In the days following the violent insurrection at the US Capitol building, Facebook, Twitter and Google suspended the social media accounts of then-President Donald Trump, in Twitter's case permanently. The "deplatforming" of the US leader is an unprecedented step by social media platforms against what they considered incitement of violence. Many welcomed the measures and were quick to call for similar actions against other political figures. Critics, including some foreign leaders, questioned the authority of private companies to make such consequential decisions, with Mexican President López Obrador claiming Trump was "censored."
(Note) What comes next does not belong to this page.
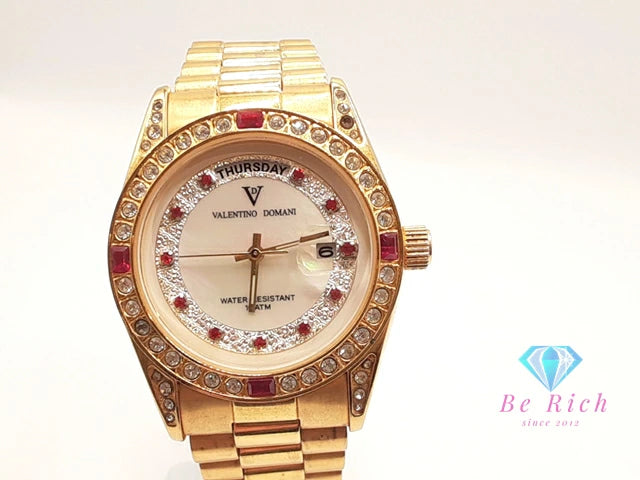 バレンチノ ドマーニ Valentino Domani メンズ 腕時計 デイデイト VD-2007 白 ホワイト ゴールド SS GP ブレス アナログ クォーツ QZ ドレス ウォッチ   【中古】【送料無料】ht5777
What are the implications for online speech of the decision to deplatform the US president? Should social media companies consider similar steps with respect to political leaders in Latin America? And what kind of regulatory approaches might countries in the region consider in response to the deplatforming development?
Luminate's Gabriela Hadid moderated this conversation with Michael Camilleri (Director, Peter D. Bell Rule of Law Program, Inter-American Dialogue), Pedro Vaca (Special Rapporteur for Freedom of Expression, Inter-American Commission on Human Rights), Vanessa Rubio (Professor in Practice at LSE and former Senator and Deputy Minister of Mexico), Mariana Valente (Director, InternetLab), and Javier Pallero (Global Policy Director, Access Now).
Following the event, Gabriela Hadid and Felipe Estefan shared their perspective on the power of social media platforms in The Inter-American Dialogue's Latin America Advisor.